■ **Required work**
Among the records that follow, find the line with "COSMIC ABDUCTION DACHSHUND" and the line with "Peas pod ring,Resin". Set down those lines and all lines between them exactly, without adding anything.

┌──

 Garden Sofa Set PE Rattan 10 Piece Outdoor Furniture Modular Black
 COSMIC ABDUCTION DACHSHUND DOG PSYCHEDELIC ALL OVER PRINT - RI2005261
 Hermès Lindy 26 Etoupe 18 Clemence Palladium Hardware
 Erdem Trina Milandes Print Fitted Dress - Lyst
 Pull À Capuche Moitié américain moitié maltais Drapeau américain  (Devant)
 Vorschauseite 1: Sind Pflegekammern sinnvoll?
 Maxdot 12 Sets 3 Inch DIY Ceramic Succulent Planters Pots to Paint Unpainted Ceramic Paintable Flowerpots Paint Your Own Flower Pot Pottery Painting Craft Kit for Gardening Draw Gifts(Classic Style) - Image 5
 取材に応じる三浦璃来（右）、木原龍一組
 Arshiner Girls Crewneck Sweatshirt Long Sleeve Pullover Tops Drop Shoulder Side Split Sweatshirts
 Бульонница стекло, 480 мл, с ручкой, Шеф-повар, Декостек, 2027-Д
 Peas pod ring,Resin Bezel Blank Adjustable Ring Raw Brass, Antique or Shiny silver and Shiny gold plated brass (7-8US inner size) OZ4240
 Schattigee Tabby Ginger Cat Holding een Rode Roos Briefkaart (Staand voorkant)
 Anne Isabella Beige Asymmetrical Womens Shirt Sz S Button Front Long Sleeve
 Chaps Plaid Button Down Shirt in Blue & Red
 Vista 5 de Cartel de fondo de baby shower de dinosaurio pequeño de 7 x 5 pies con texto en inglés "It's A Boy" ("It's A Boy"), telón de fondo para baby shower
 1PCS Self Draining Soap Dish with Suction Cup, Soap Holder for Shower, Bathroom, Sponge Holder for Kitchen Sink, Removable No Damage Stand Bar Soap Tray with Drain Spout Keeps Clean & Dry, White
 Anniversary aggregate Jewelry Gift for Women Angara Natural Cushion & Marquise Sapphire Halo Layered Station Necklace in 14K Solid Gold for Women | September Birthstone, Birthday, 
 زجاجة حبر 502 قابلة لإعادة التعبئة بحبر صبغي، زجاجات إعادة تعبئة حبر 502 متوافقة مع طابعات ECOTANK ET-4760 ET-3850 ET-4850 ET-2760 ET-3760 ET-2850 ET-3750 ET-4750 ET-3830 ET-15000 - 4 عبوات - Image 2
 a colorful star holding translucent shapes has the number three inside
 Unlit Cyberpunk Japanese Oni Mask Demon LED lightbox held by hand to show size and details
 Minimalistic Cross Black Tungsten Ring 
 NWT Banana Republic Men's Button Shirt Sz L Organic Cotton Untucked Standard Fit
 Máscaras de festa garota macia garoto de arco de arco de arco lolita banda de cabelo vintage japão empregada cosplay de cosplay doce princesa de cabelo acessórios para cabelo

└──

■ **Solution to the exercise**
 COSMIC ABDUCTION DACHSHUND DOG PSYCHEDELIC ALL OVER PRINT - RI2005261
 Hermès Lindy 26 Etoupe 18 Clemence Palladium Hardware
 Erdem Trina Milandes Print Fitted Dress - Lyst
 Pull À Capuche Moitié américain moitié maltais Drapeau américain  (Devant)
 Vorschauseite 1: Sind Pflegekammern sinnvoll?
 Maxdot 12 Sets 3 Inch DIY Ceramic Succulent Planters Pots to Paint Unpainted Ceramic Paintable Flowerpots Paint Your Own Flower Pot Pottery Painting Craft Kit for Gardening Draw Gifts(Classic Style) - Image 5
 取材に応じる三浦璃来（右）、木原龍一組
 Arshiner Girls Crewneck Sweatshirt Long Sleeve Pullover Tops Drop Shoulder Side Split Sweatshirts
 Бульонница стекло, 480 мл, с ручкой, Шеф-повар, Декостек, 2027-Д
 Peas pod ring,Resin Bezel Blank Adjustable Ring Raw Brass, Antique or Shiny silver and Shiny gold plated brass (7-8US inner size) OZ4240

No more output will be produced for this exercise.